Edge Color Affordance Theme Example
Audio Affordance Theme Example
Spatial UI
The Sample Scene contains various spatial UI examples which allows both near and far interactions with UI elements. There are (3) main examples of spatial UI in the SampleScene. This includes a coaching UI and video player for onboarding users into a new MR application, as well as a menu that is constrained to the user’s hand containing various controls and settings for the SampleScene.
The Coaching UI GameObject is controlled by the Goal Manager located in the MR Interaction Setup. The Goal Manager controls the progression of content within the UI, turning on/off related GameObjects, as well as altering the Lazy Follow behavior depending on the instructions in the step.
The Hand Menu Setup Gameobject includes a basic scroll menu that launches when the user’s palm is facing towards the user. The menu is populated with examples of various list view items including a toggle, button, and dropdown UI element.The interaction follow behavior of the hand menu can be configured in the Hand Menu Follow Preset and Controller Follow Preset.
The Spatial Panel Manipulator displays a video player to communicate basic input mapping for the SampleScene. User’s have the ability to move the canvas in space by grabbing the canvas by either the header or handle at the bottom of the canvas. Bill-boarding with the Lazy Follow component is on the prefab by default, with the positional transformation of the canvas being determined by the direct/ray interactor.
Project Configuration
Various presets are used to accommodate graphics & rendering requirements for different platforms. By selecting the target platform in the Build Settings, i.e. Windows, Mac, Linux or Android, different URP Config Settings are automatically updated for the user. The presets can be found in Assets/Settings/Project Configuration
.
For Quest-based devices, the Standalone Performant Preset
and Performant URP Renderer Config
assets provide a good baseline of graphics settings for older model standalone headsets such as the Quest 2. You may also want to experiment with the Standalone Balanced Preset
and Balanced URP Renderer Config
for higher-powered standalone headsets such as the Quest Pro and Quest 3. If you are building for Magic Leap 2, please refer to their recommended graphics settings.

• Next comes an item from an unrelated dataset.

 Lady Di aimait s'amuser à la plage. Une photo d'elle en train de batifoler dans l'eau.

In addition, by selecting the target platform in Build Settings, OpenXR feature groups and interaction profiles are preconfigured. By default, the Android build target updates the settings for Meta Quest support.
Building to Device
Additional configuration may be required depending on the target platform selected for deployment.
Meta Quest Devices
For Meta Quest devices, the project should be configured appropriately, but you will still need to switch to the Android build target. After switching to the Android build target, click the Build and Run button in the Build window to deploy directly to your device. For updated information and additional build options, visit the Meta documentation for build and configuration.
Alternatively, we recommend using Meta Quest Link to play your games directly to device inside the Unity Editor to enable rapid development. For more information on how to get started with Meta Quest Link, please review the Meta documentation for Meta Quest Link in Unity.
Microsoft HoloLens 2
To build to HoloLens 2 or the HoloLens 2 Emulator, there are a few additional steps to get your app to run on device. Follow these instructions for the most up-to-date information.

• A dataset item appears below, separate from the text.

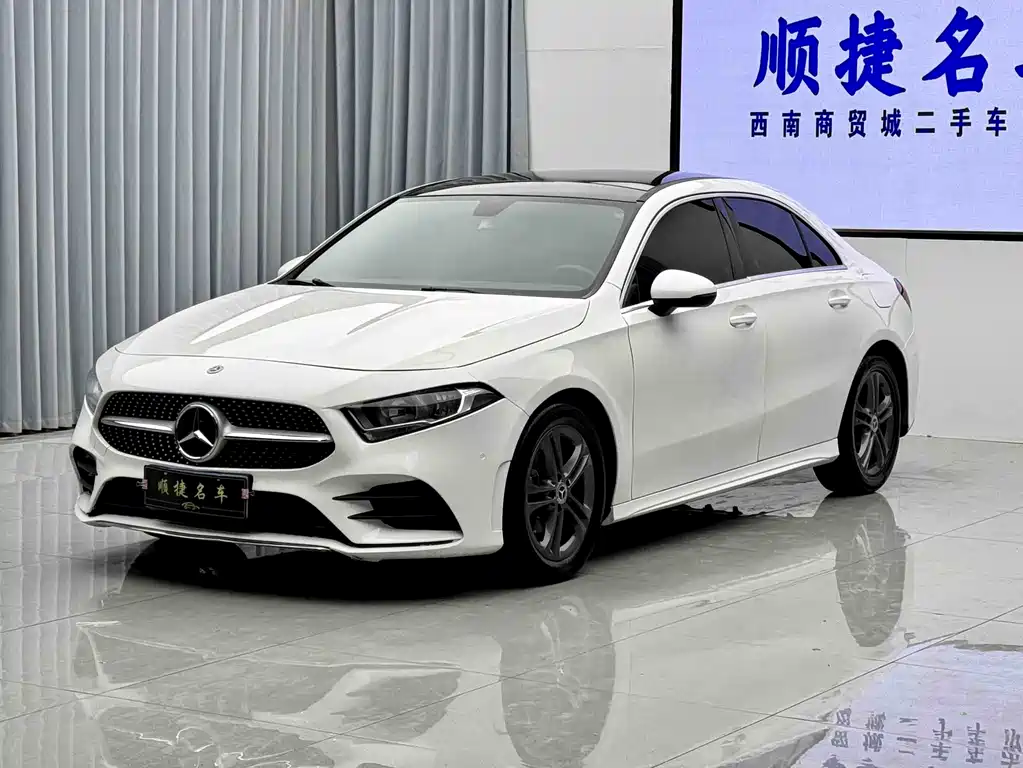 Mercedes-Benz A-Class 2019 A 180 L Sports Sedan купить на сайте DeffCars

Alternatively, we highly recommend running your application from the Unity Editor using the Holographic Remoting feature. This allows rapid iteration without having to go through the added steps required to build and deploy each time.
Magic Leap 2
To build to Magic Leap 2, you should be able to switch build targets and simply click the Build and Run button in the Build Settings window once the project is properly configured based on the Magic Leap documentation. Additional details or options can be found in the Magic Leap documentation for Building a Simple App in Unity.
Alternatively, you can also run the Unity App Simulator by following their Unity App Simulator instructions.